- _Exercise instructions_:
As the answer, give exactly the lines of the records below from the one with "laser cut wedding" through the one with "Replica Hermes Paris", ends included and pictures left out.

Record set below:

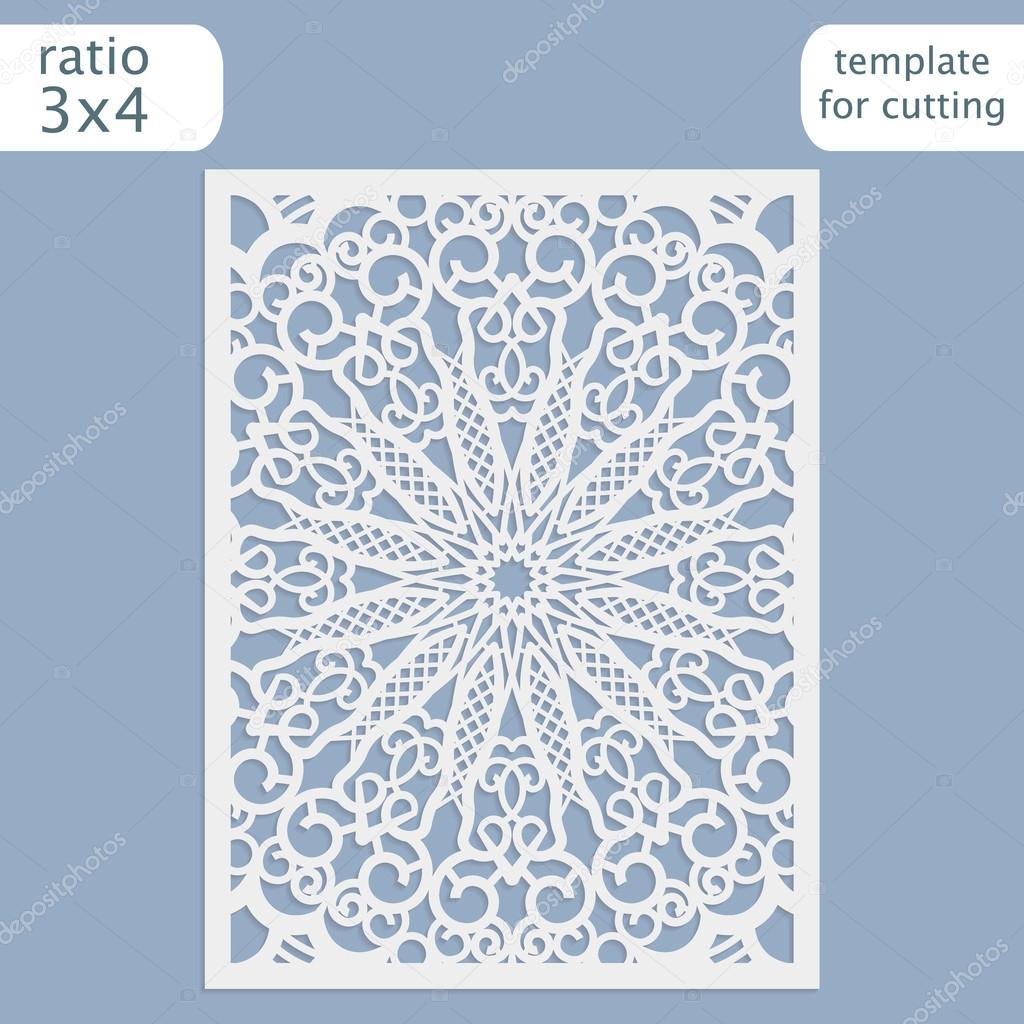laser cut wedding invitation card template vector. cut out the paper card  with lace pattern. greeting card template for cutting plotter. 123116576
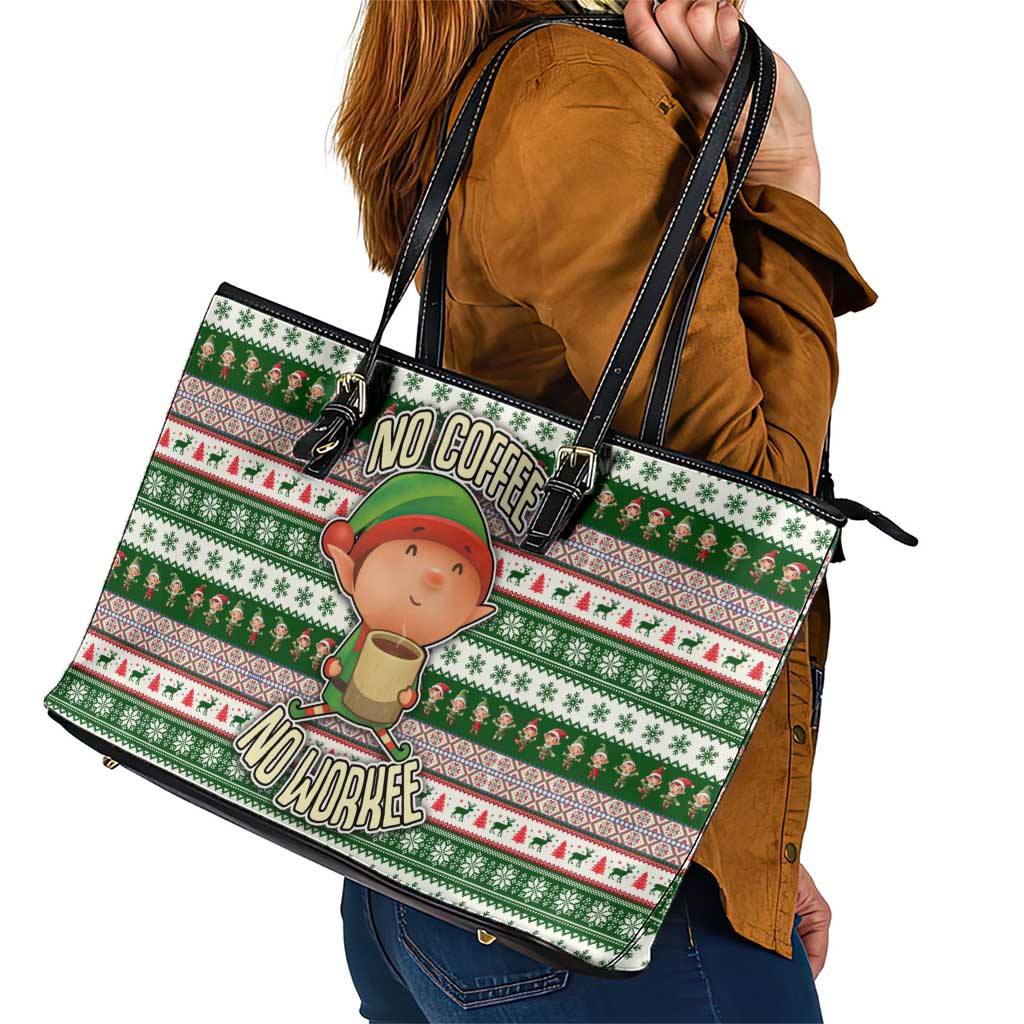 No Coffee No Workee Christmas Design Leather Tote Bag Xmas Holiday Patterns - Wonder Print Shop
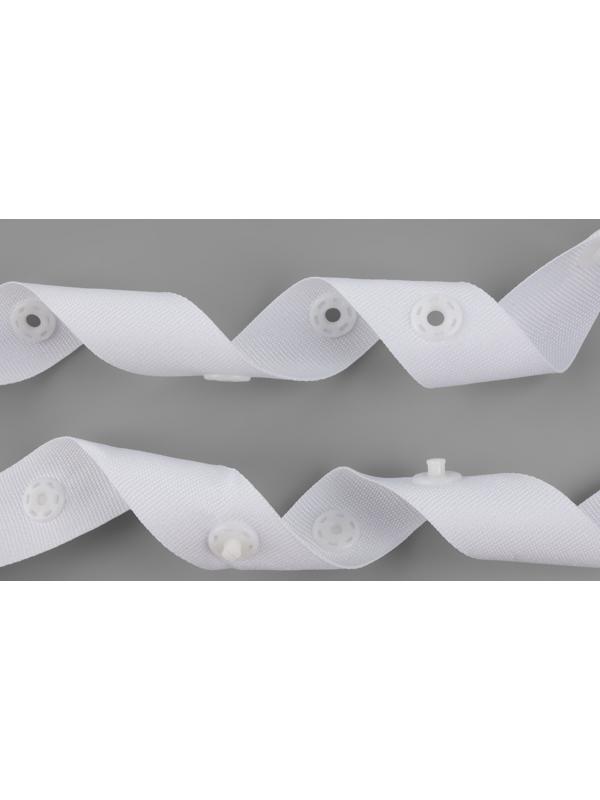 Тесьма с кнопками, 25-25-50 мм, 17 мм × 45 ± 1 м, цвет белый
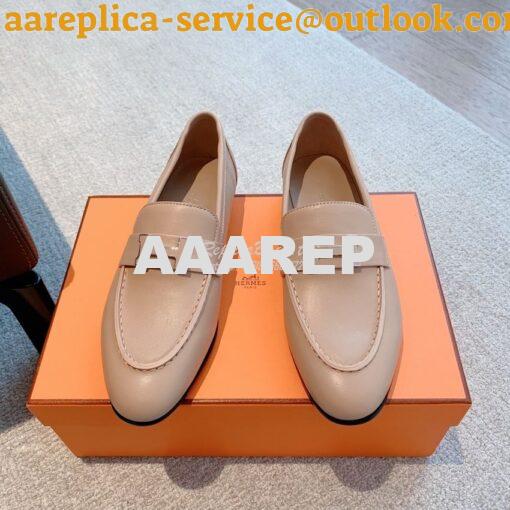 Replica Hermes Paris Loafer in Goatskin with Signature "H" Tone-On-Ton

End of Record set.
Record set below:

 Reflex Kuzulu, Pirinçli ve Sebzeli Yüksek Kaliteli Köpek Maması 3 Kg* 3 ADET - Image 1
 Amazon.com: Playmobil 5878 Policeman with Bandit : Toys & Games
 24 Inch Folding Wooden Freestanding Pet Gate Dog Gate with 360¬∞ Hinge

End of Record set.

- _Answer to the problem_:
laser cut wedding invitation card template vector. cut out the paper card  with lace pattern. greeting card template for cutting plotter. 123116576
 No Coffee No Workee Christmas Design Leather Tote Bag Xmas Holiday Patterns - Wonder Print Shop
 Тесьма с кнопками, 25-25-50 мм, 17 мм × 45 ± 1 м, цвет белый
 Replica Hermes Paris Loafer in Goatskin with Signature "H" Tone-On-Ton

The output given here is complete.